Liberal capitalism, during its rise and at its height, solved the problem of economic proportion through the free play of supply and demand and of periodic conjunctural cycles. Modern monopoly capitalism, with all its mighty technical resources, stands helpless before the problem of proportions, which confronts it in the form of the problem of “sales.” The nationalization of the means of production and exchange created the preconditions in the USSR for a planned solution to the problem of proportions. The automatic play of supply and demand is replaced by calculation, statistical foresight, and administrative direction. Material and psychological difficulties did not thereby disappear but were translated into the language of planned management. If capitalism took shape and grew over the course of centuries, the new planned economy requires at least several decades to work out and test its basic methods and to train the necessary managerial and executive cadres. This is a totally solvable problem — the only thing is not to proclaim that it has already been solved.
Least of all can the problem be considered solved when one realizes that in spite of the nationalization of the means of production and the monopoly on foreign trade, the Soviet Union is not separated from the rest of the world by any impenetrable barrier. The course of economic construction in the USSR depends to a great extent on what happens in the next few decades to the economy of Europe and that of the whole world, which at present is thrashing about, in the convulsions of a terrible crisis. Here we come directly to the question of the possible economic relations between the Soviet Union and the United States.
With all the fundamental differences between their social systems, the American and Soviet economies have two features in common: vast scale, and high concentration of the means of production, at least in industry. With daring and perspicacity on both sides, economic cooperation on these foundations could assume proportions unprecedented in history.
The new economic methods being applied in the United States today are based on the concept of government planning with private ownership being maintained in the means of production. This is not the place to go into an evaluation of these methods. Experience will provide the test. One thing is clear, however, that even with the most favorable results in practice, domestic planning runs up against the problem of foreign trade.

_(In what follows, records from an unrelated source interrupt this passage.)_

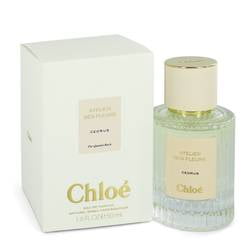 Chloe Cedrus Eau de Parfum Spray de Chloe Chloe Model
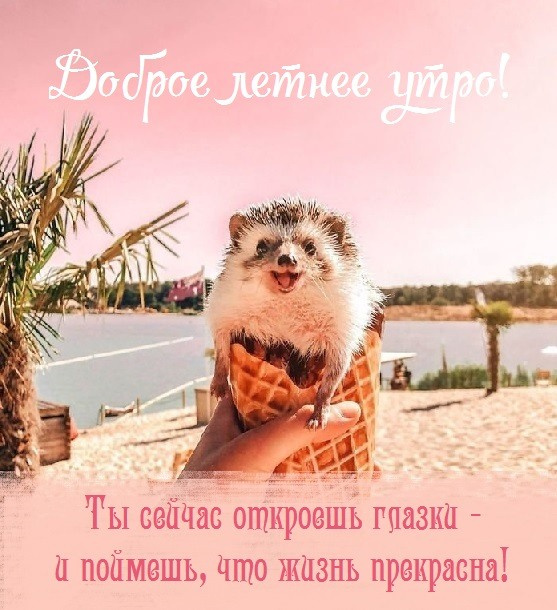 Картинки с добрым летним утром (195 открыток). Позитивные картинки с пожеланием Доброго летнего утра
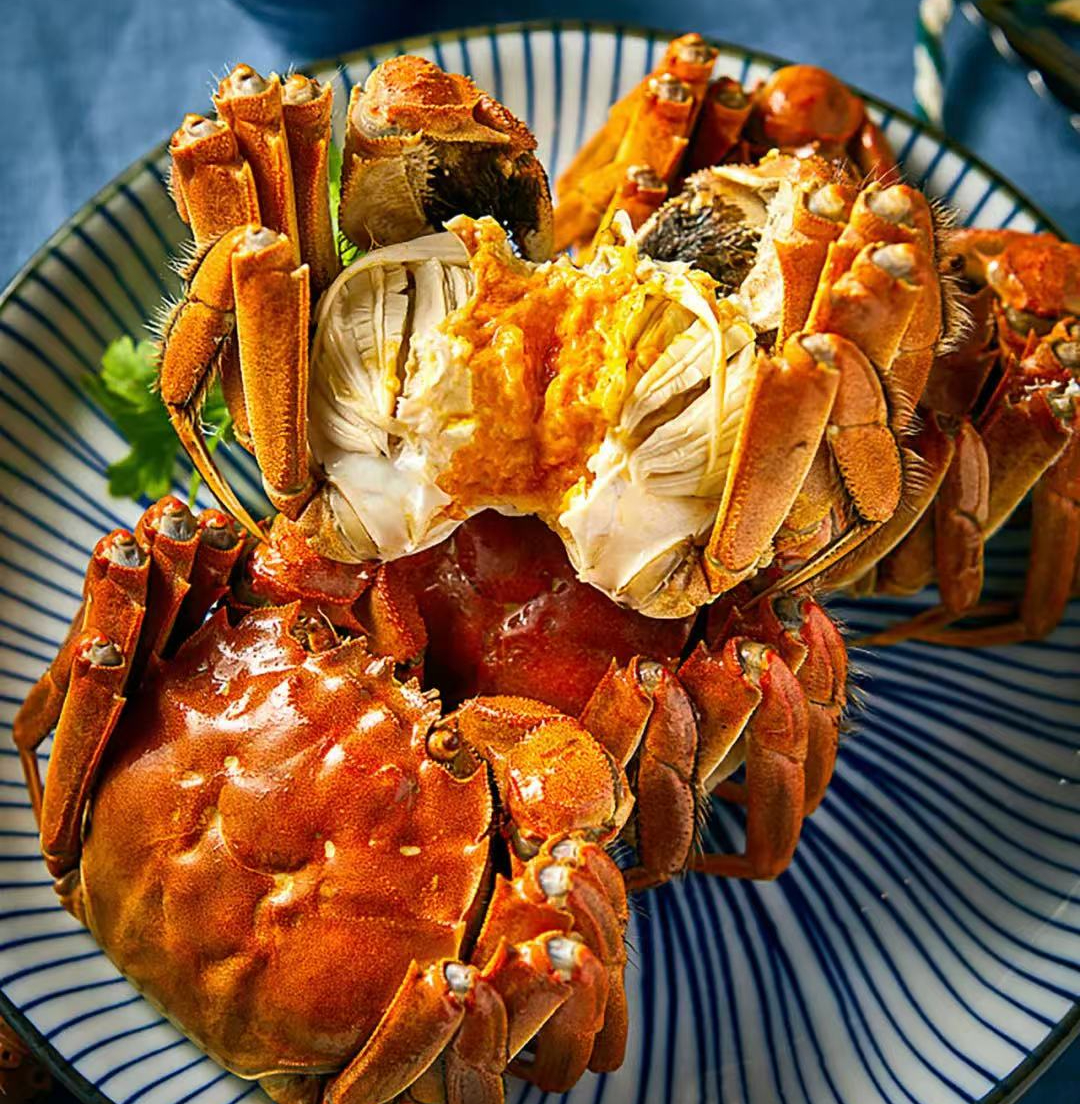 2025正宗阳澄湖大闸蟹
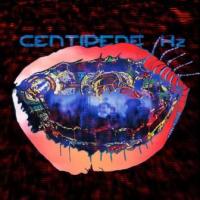 Animal Collective - Centipede Hz (cover)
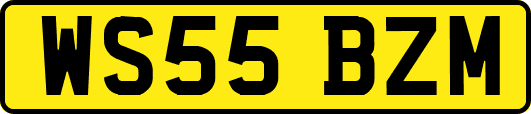 WS55BZM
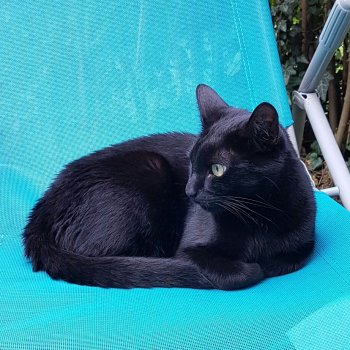 Kalliope 251022-212512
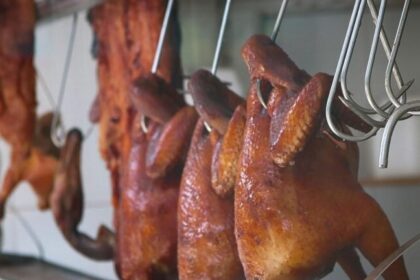 Especialista alerta: mutação do vírus H5N1 pode desencadear pandemia mais grave que a de Covid-19 6 ocrente 1765154115
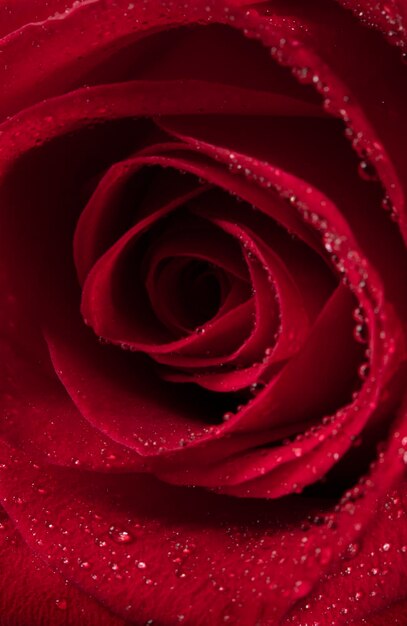 Red rose closeup with water droplets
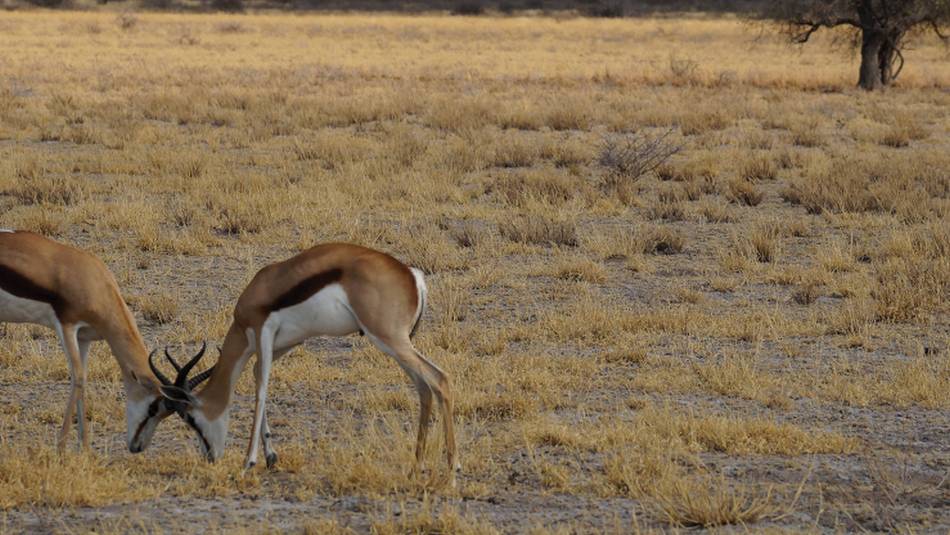 Local Gazelles in the open grasslands of Central Kalahari Game Reserve | Ashley Hewson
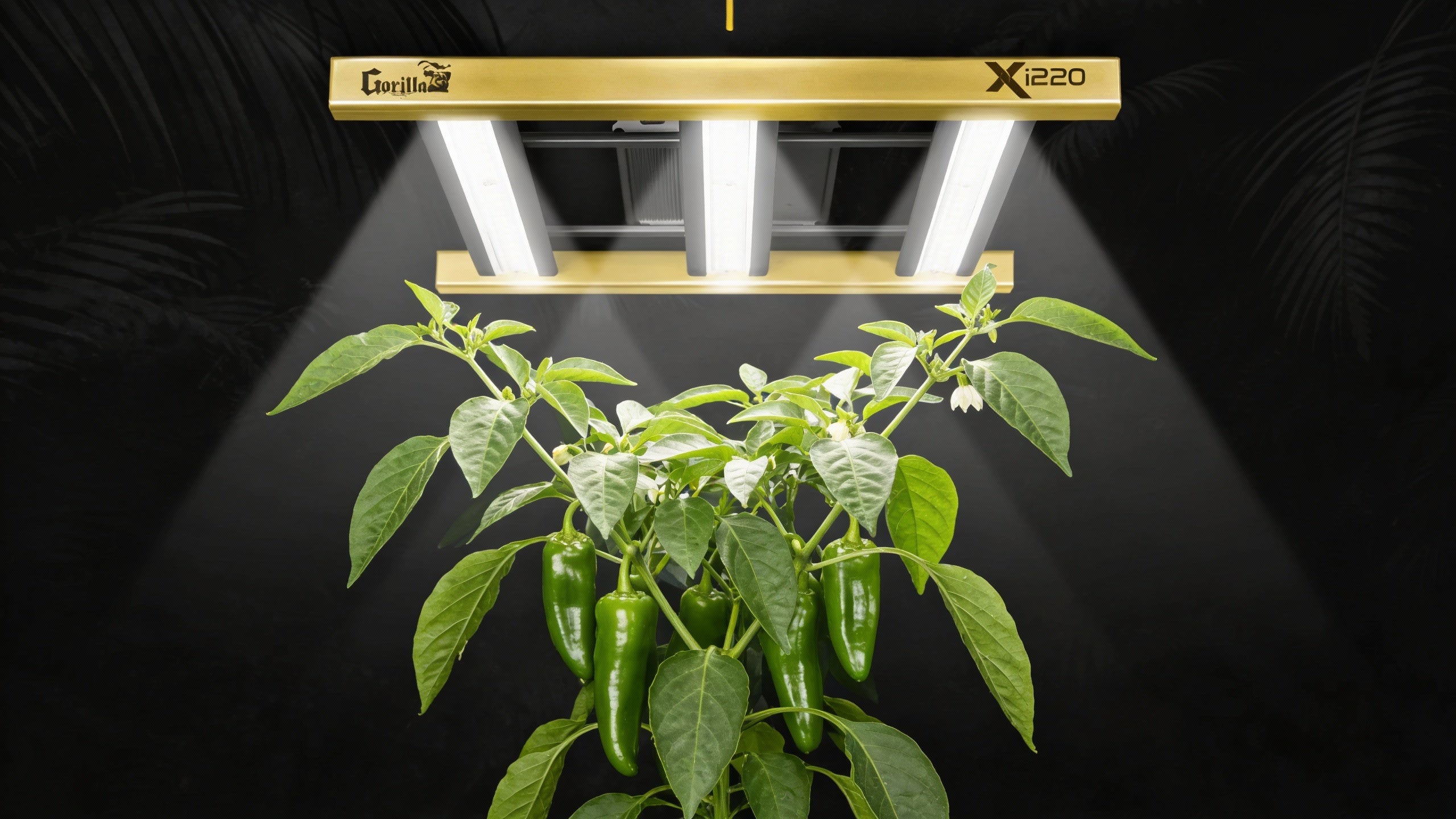 grow lights for pepper plants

Can it be brought under the control of reason? the [international economic] conference in London [June 1933] has given an eloquent answer on that score. For the United States to abandon exports would be to abandon economic advancement altogether. Meanwhile, on the map of world trade there is a sector that is already amenable to planning. That is trade with the USSR. It is possible to take pencil in hand and sketch an outline of the relations between the two giant states, a hypothetical plan of exchange that would develop in an upward spiral.
Despite all its deficiencies and contradictions, the Soviet economy allows one to see ahead much better than, say, the thoroughly sick economy of Germany does. With the establishment of normal diplomatic relations, the American government, which by the nature of things has now come to stand much closer to economic questions than any transoceanic republic’s government ever did, would have ample opportunity to get fully and systematically acquainted with all the processes of the Soviet economy, and consequently, to ascertain the “element of risk” involved in Soviet-American economic relations. If upon our planet, shaken with disorders, in an atmosphere of new threats of war and of bloody convulsions, there still remains an economic experiment worth carrying through all the way, it is the experiment of Soviet-American cooperation.